College ban on ‘verbal forms of aggression … harassment, ridicule or intimidation’ is unconstitutionally vague, magistrate judge says

College ban on ‘verbal forms of aggression … harassment, ridicule or intimidation’ is unconstitutionally vague, magistrate judge says

Yesterday, a federal magistrate judge in Fresno, California, recommended that an injunction be issued against a community college policy banning “verbal forms of aggression …. harassment, ridicule or intimidation.” He concluded that the ban was unconstitutionally vague, in the Report and Recommendations he issued:

BP 3050 serves as the [Kern Community College] District’s policy on “Institutional Code of Ethics.” BP 3050 provides that “all associates in the District, faculty, students, management, classified staff, and trustees, as well as volunteers and vendors, each bear personal responsibility for their own ethical behavior and for the ethical statute of our organization.” BP 3050 requires “that [the community] conduct [itself] with civility in all circumstances of [their] professional lives” and does “not participate in or accept, condone, or tolerate physical or verbal forms of aggression, threat, harassment, ridicule, or intimidation.” BP 3050 states it values a spirit of free inquiry and free speech and “encourages the expression of a range of points of view, but [expects] all expressions of content to be conducted in a manner respectful of persons.” …

The Undersigned finds the term “verbal forms of aggression … harassment, ridicule or intimidation” has a likelihood of being impermissibly vague. The term lacks a commonly understood meaning and creates a policy that is broader than the civility policies District Defendants allege are similar.

What may be considered “verbal forms of aggression” can “[vary] from speaker to speaker, and listener to listener.” This ambiguity invites the District to engage in viewpoint discrimination over what speech may constitute “verbal forms of aggression.” See [record citation] (Plaintiff [history professor] was investigated for reposting [a colleague’s] post on RIFL’s Facebook page and adding “Here’s what one critical race theorist at BC sounds like. Do you agree with this radical SJW from BC’s English Department? Thoughts?”); compare [record citation] (Plaintiff alleges “[n]one of the members of the Board of Trustees disavowed Corkins’ call” that “RIFL faculty are ‘in that five percent we have to continue to cull. Got them in my livestock operation and that’s why we put a rope on some of them and take them to the slaughterhouse'”). [RIFL is a faculty organization, the Renegade Institute for Liberty.]

The recommendation was issued by Magistrate Judge Christopher Baker in Johnson v. Watkin, a lawsuit brought by Professor Daymon Johnson.

The recommendation will now be considered by a regular United States District Court Judge, who has more power than a magistrate judge.

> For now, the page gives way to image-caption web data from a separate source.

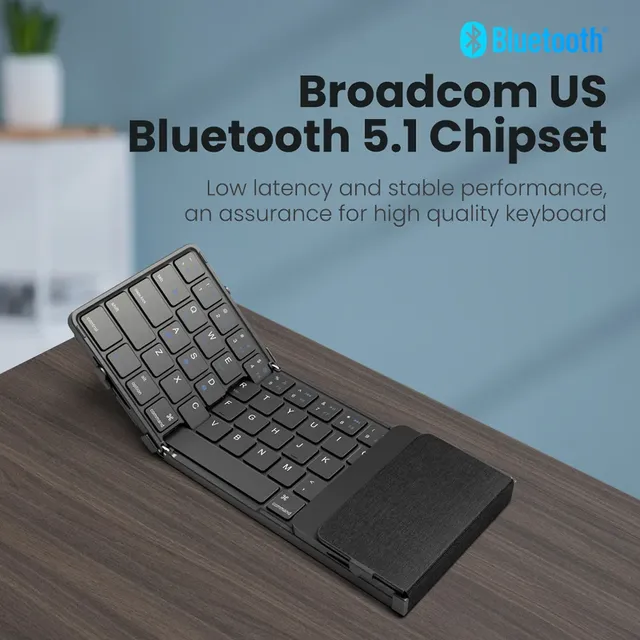 Clavier Bluetooth pliant avec pavé tactile clavier… – vue 4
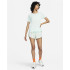 Pantalones verdes cortos de running Nike Dri-FIT Tempo Race Mujer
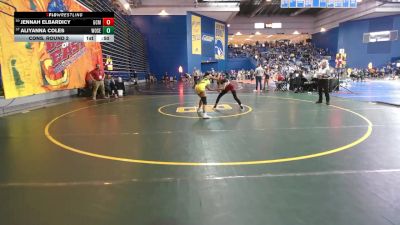 110 lbs Cons. Round 2 - Jennah ElBardicy, George C. Marshall vs Aliyanna Coles, Woodbridge Senior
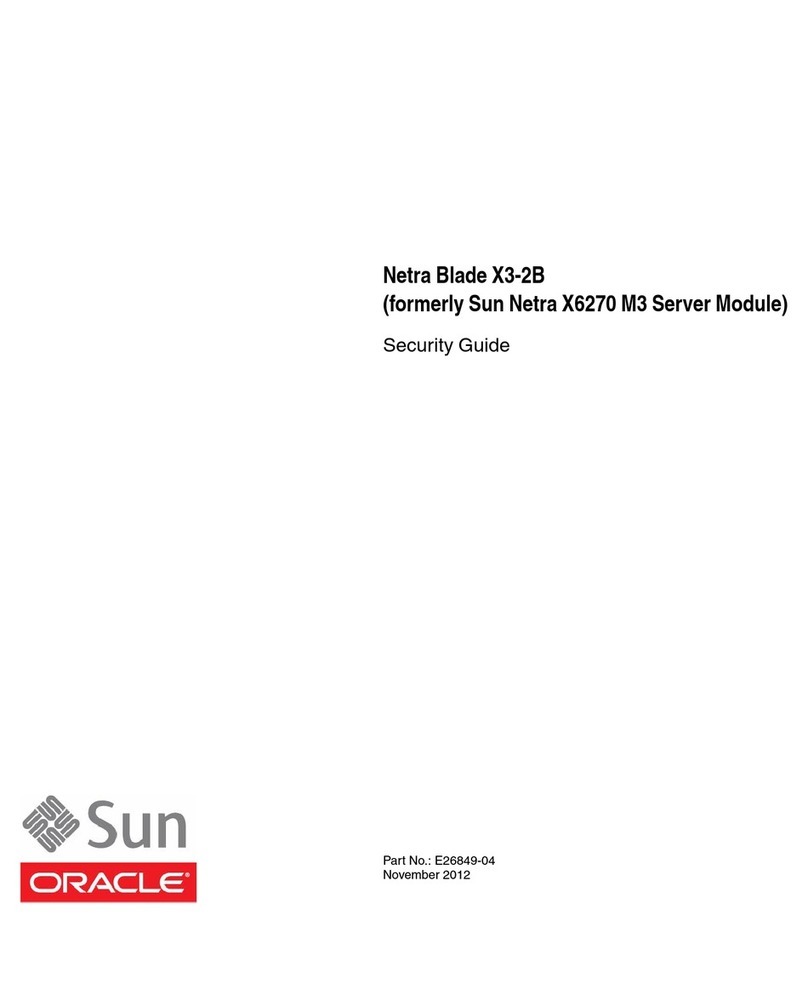 Sun Oracle Sun Blade X3-2B User manual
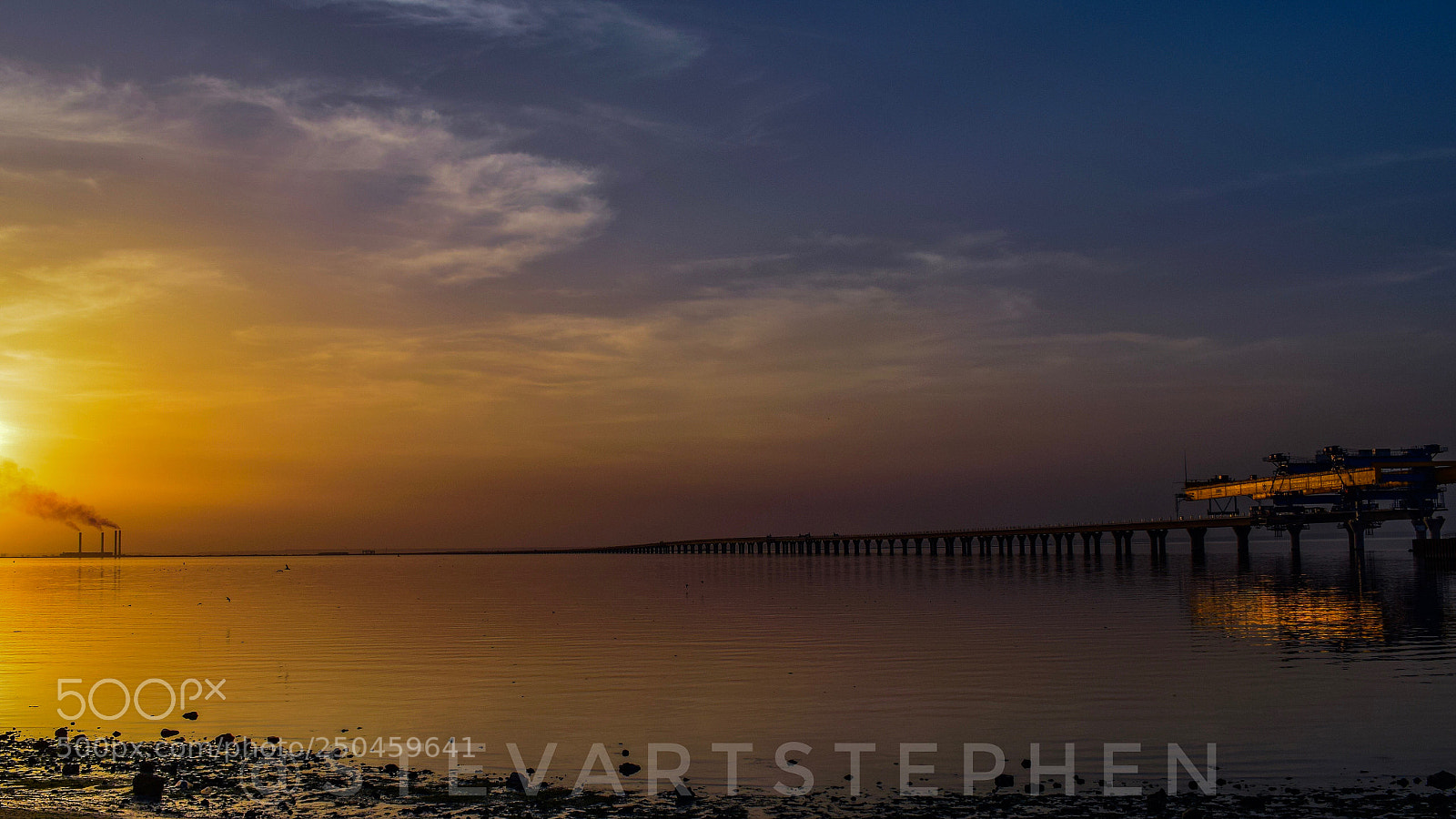 Nikon D5300 sample photo. Sunset near the bridge photography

District Judges usually adopt the recommendations of magistrate judges, but not always. They don’t have to.

Magistrate judges only have the power to issue recommendations as to important rulings. They can’t issue the most important court rulings in a case (like about who wins a lawsuit or who gets an injunction) unless all parties to the case consent to that. They can only issue less important rulings (like whether you have to respond to a subpoena or show up for a deposition). But the most important rulings, like who wins a lawsuit, have to be issued by a regular judge (one appointed by the President and confirmed by the Senate), not a magistrate judge (who is appointed by other judges). The magistrate judge can only issue a recommendation to a regular judge about who should win a lawsuit or get an injunction, he cannot himself declare who won or impose an injunction himself.